### Task item
Retype each entry exactly. Skip any pictures.

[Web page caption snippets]
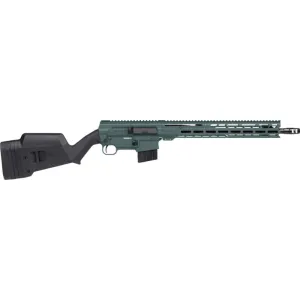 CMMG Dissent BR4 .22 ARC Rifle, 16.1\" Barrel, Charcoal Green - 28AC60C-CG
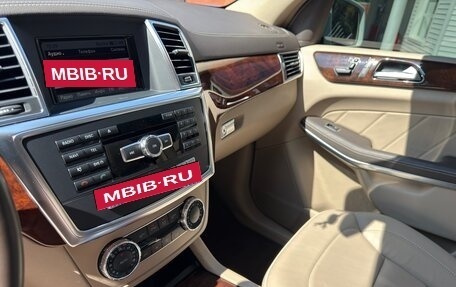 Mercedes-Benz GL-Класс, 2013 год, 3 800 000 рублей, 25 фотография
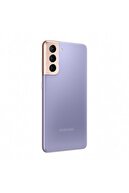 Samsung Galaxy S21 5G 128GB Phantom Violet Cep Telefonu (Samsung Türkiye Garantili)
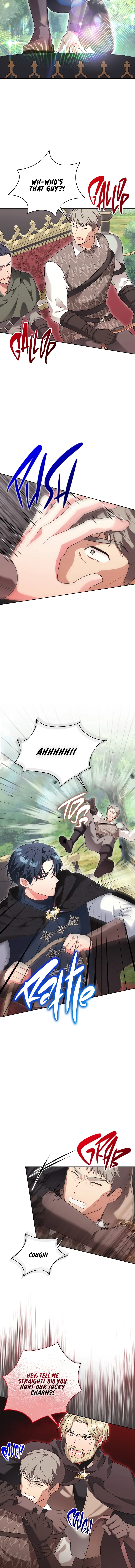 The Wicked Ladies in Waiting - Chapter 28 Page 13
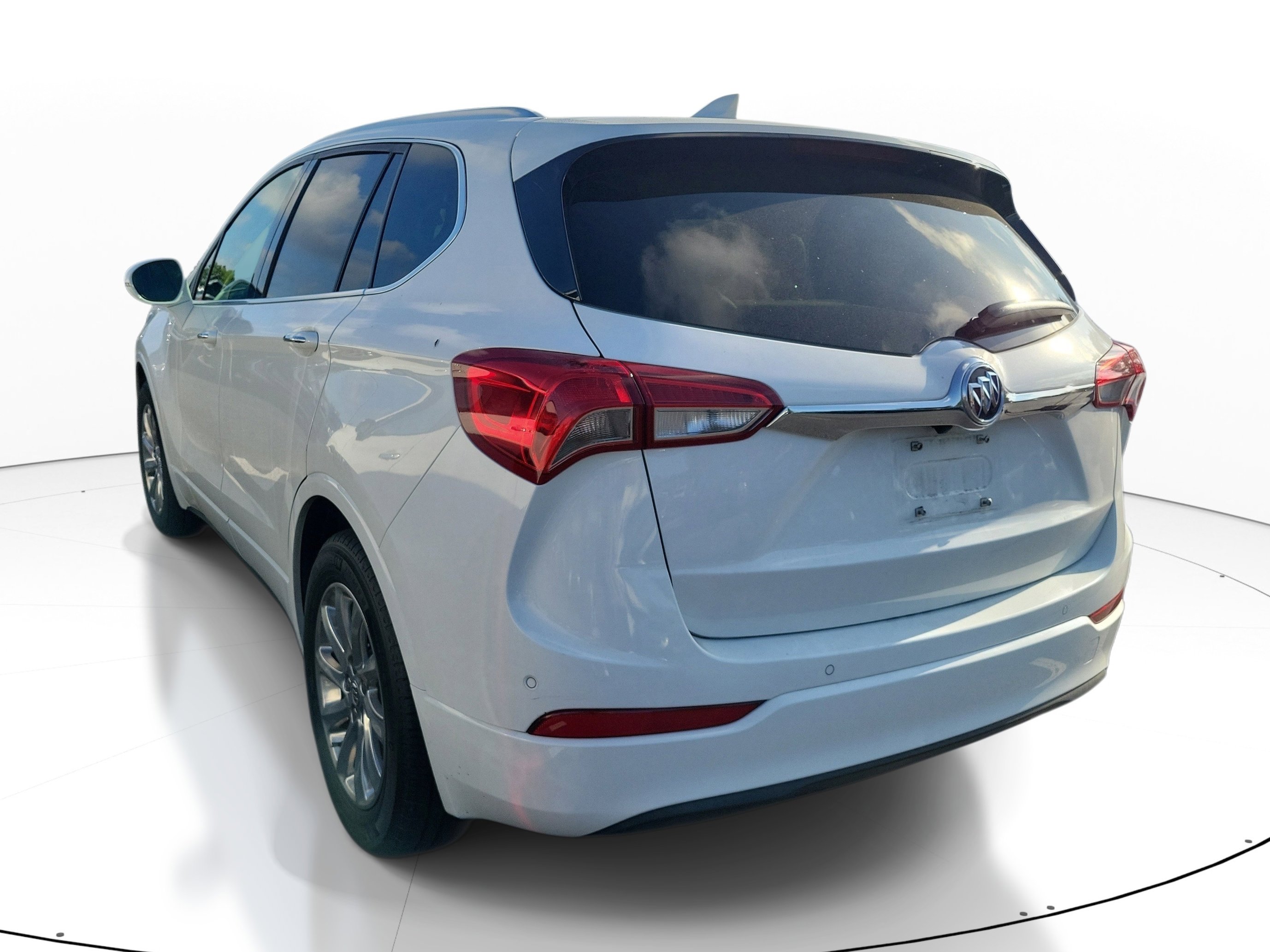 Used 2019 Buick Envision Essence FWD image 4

### Response area
 CMMG Dissent BR4 .22 ARC Rifle, 16.1\" Barrel, Charcoal Green - 28AC60C-CG
 Mercedes-Benz GL-Класс, 2013 год, 3 800 000 рублей, 25 фотография
 Samsung Galaxy S21 5G 128GB Phantom Violet Cep Telefonu (Samsung Türkiye Garantili)
 The Wicked Ladies in Waiting - Chapter 28 Page 13
 Used 2019 Buick Envision Essence FWD image 4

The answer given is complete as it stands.